§ What the exercise asks:
In the listing below, the lines starting at the line with "blowout sale in chihuahua clothes" and ending at the line with "Tanacetum parthenium 'White Bonnet'" are to be output verbatim. Images stay out of the copy.

§ Given data:

• • • •

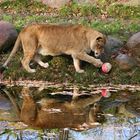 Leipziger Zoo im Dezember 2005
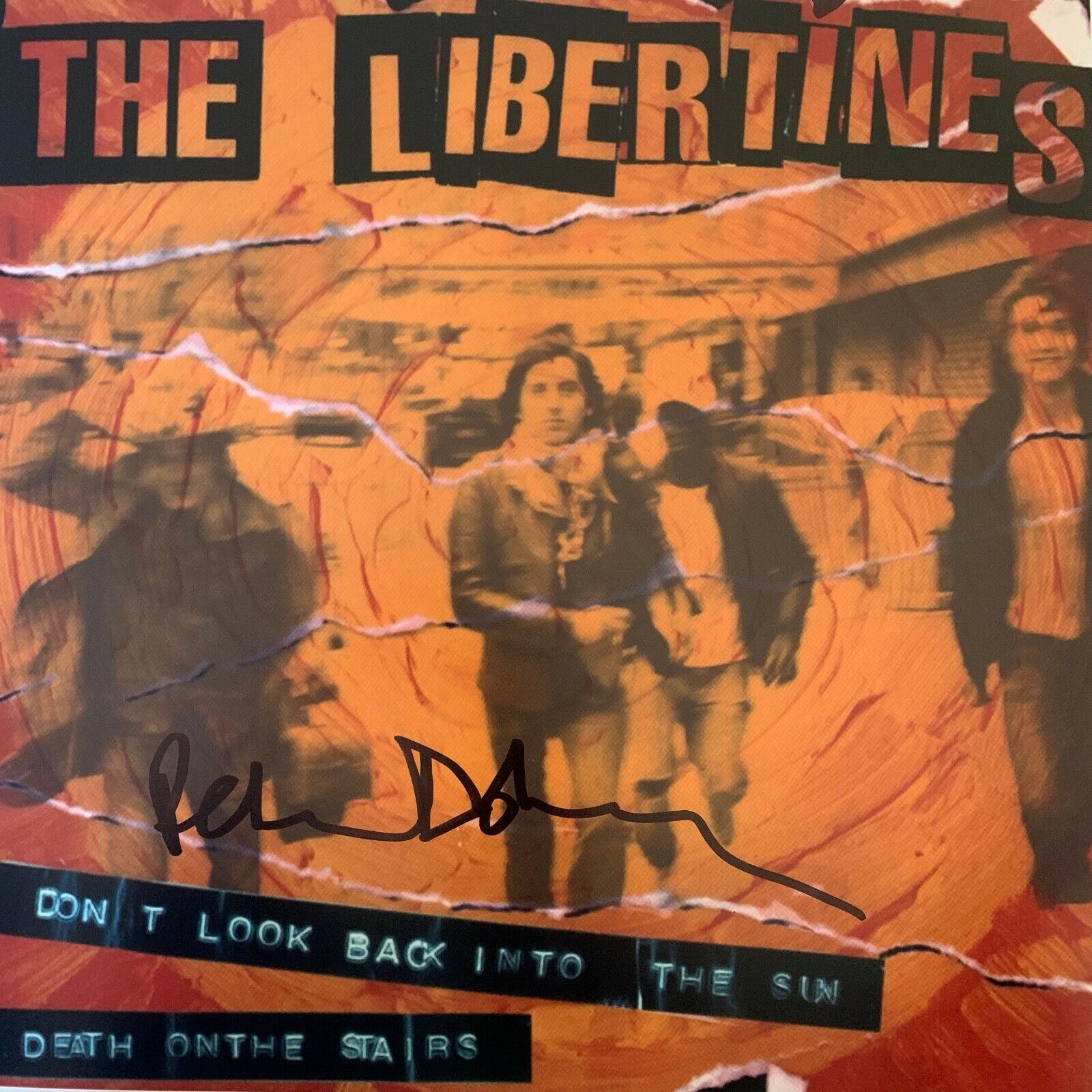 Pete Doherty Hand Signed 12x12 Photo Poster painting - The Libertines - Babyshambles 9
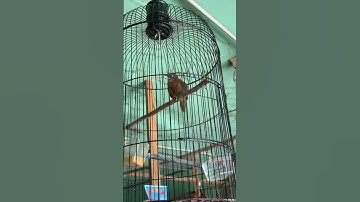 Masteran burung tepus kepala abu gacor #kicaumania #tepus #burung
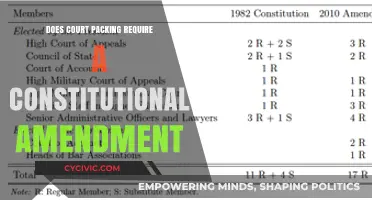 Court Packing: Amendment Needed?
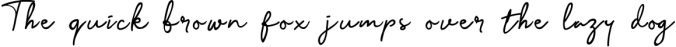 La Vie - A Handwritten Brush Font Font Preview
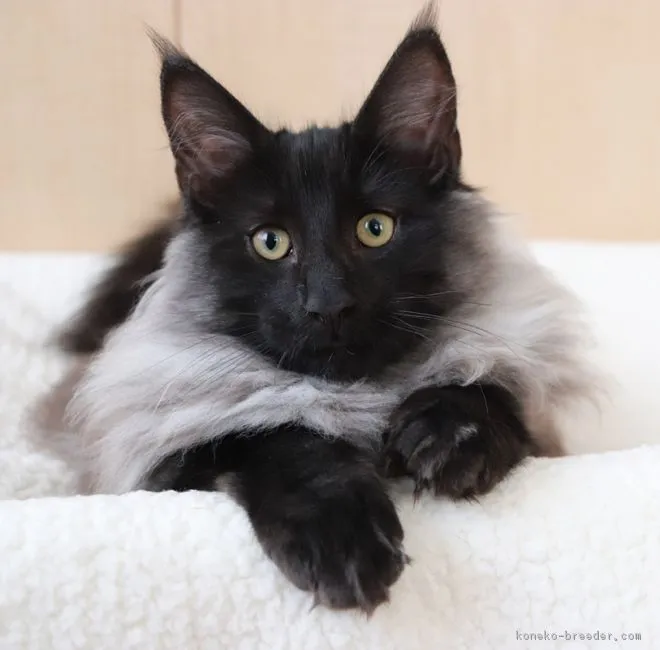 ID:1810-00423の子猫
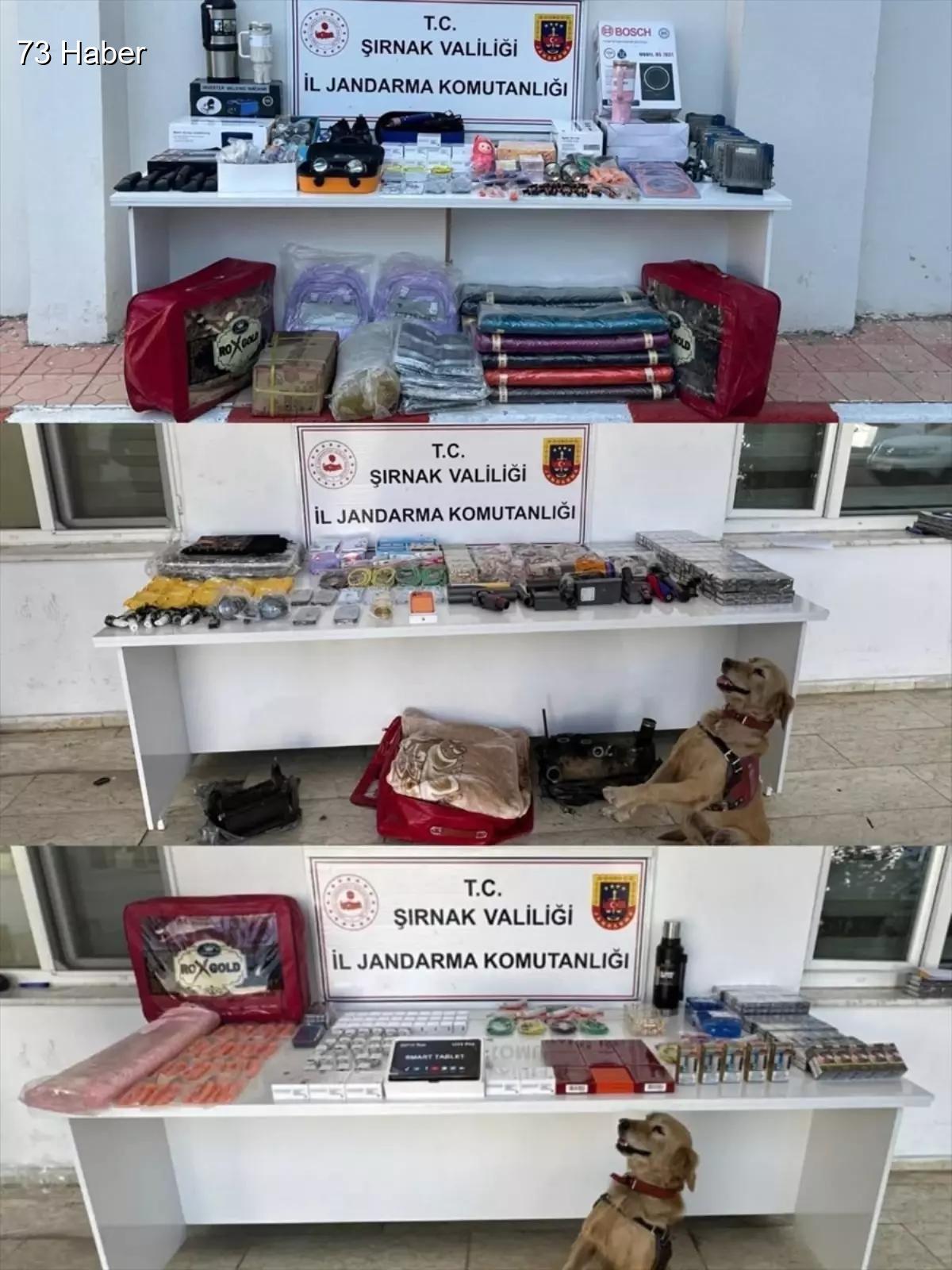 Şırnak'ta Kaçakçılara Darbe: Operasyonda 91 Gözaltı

• • • •

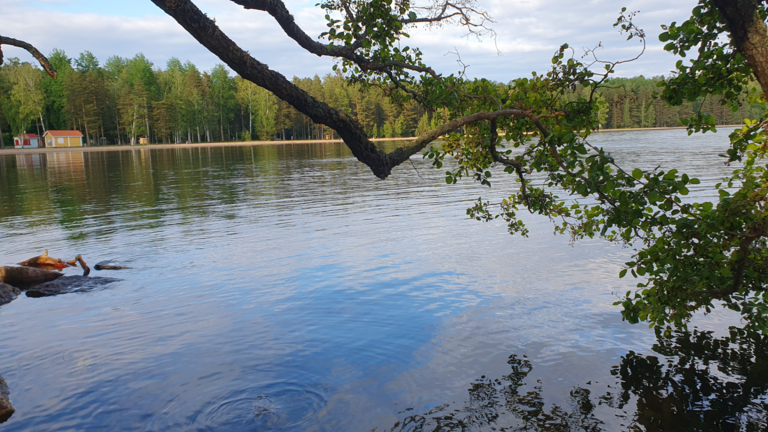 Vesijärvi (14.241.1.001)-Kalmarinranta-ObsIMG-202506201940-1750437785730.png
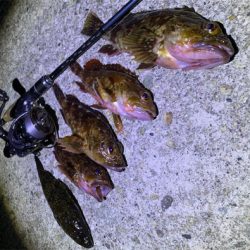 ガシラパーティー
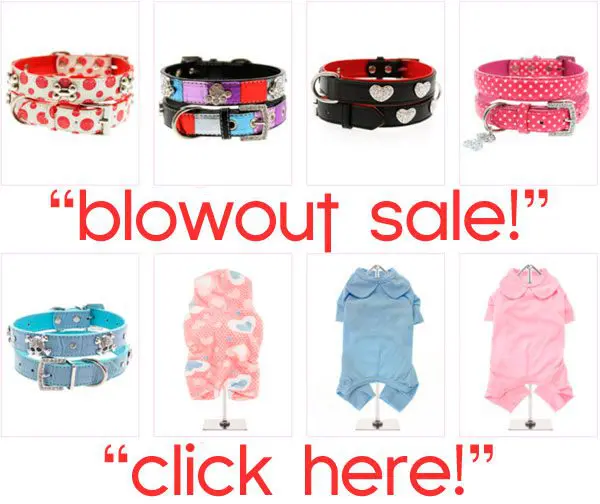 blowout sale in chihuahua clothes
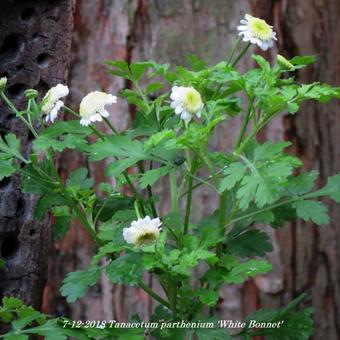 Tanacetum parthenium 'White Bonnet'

• • • •

§ Exercise result:
 blowout sale in chihuahua clothes
 Tanacetum parthenium 'White Bonnet'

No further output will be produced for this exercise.